Kamis 05 Aug 2010 23:32 WIB

Cina Tetap Pertahankan Hubungan Bisnis dengan Iran

Presiden Iran, Mahmoud Ahmadinejad dan Perdana Menteri Cina, Wen Jiabao
Presiden Iran, Mahmoud Ahmadinejad dan Perdana Menteri Cina, Wen Jiabao

REPUBLIKA.CO.ID, BEIJING--Seruan pejabat senior Amerika Serikat kepada Beijing untuk mengikuti sanksi PBB terhadap republik Islam itu tak membuat Cina berubah haluan. Negara tirai bambu itu tetap mempertahankan hubungan bisnisnya dengan Iran.

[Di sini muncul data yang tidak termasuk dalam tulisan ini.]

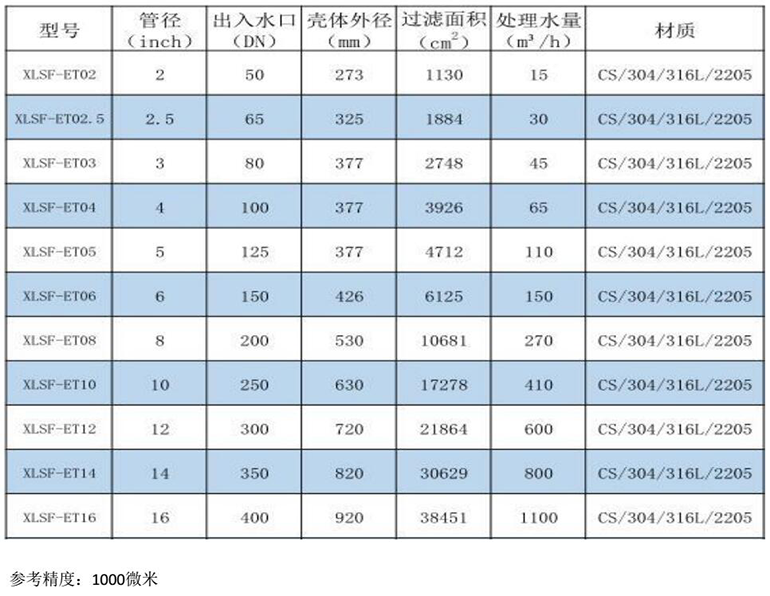 新乡市新利净化技术有限公司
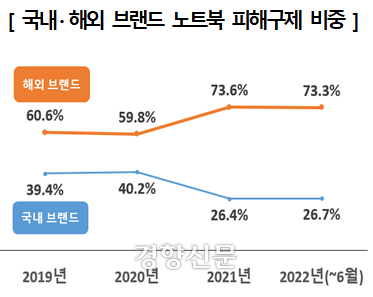 소비자원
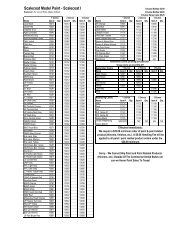 To Download A Scalecoat Paint Order Form - Weaver Models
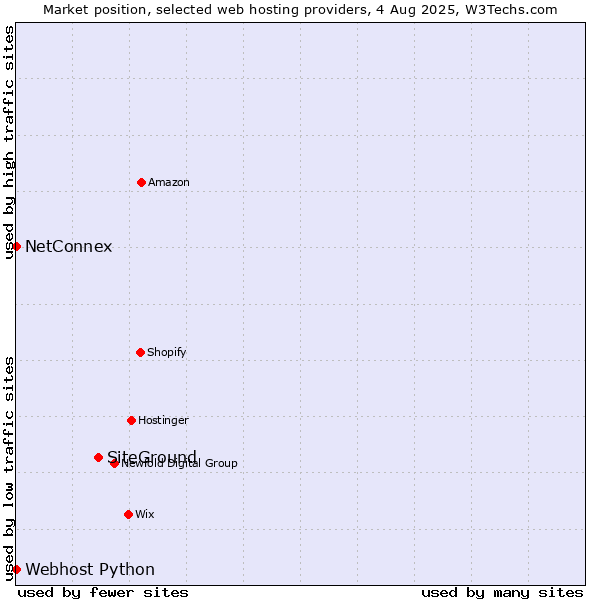 Market position of SiteGround vs. NetConnex vs. Webhost Python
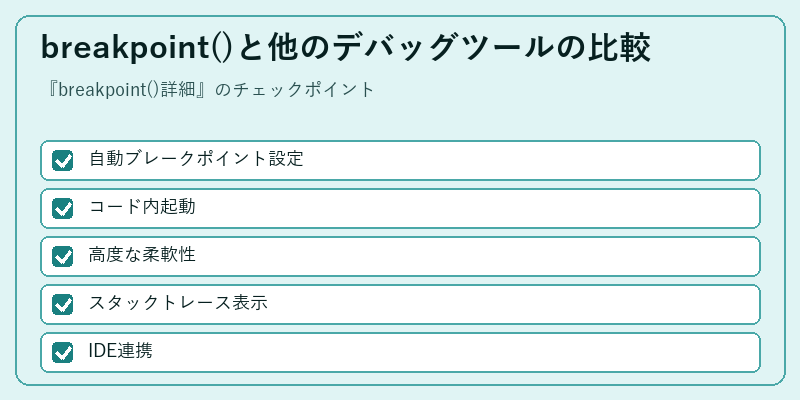 breakpoint()と他のデバッグツールの比較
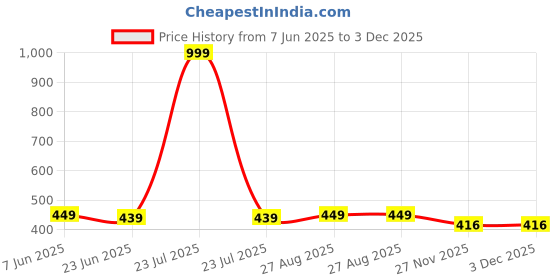 myntra.com MADE IN THE SHADE Unisex Kids Printed Casual Shirt made in the shade Price History Graph from 7 Jun 2025 to 3 Dec 2025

Pernyataan juru bicara kementerian luar negeri Cina itu disiarkan di media negara Kamis. "Perdagangan Cina dengan Iran adalah pertukaran bisnis biasa, yang tidak terpengaruh kepentingan-kepentingan negara lain dan masyarakat internasional," kata juru bicara Jiang Yu, seperti yang dikutip oleh Cina Daily. "Sebagai anggota tetap Dewan Keamanan PB, Cina selalu mengamati resolusi Dewan."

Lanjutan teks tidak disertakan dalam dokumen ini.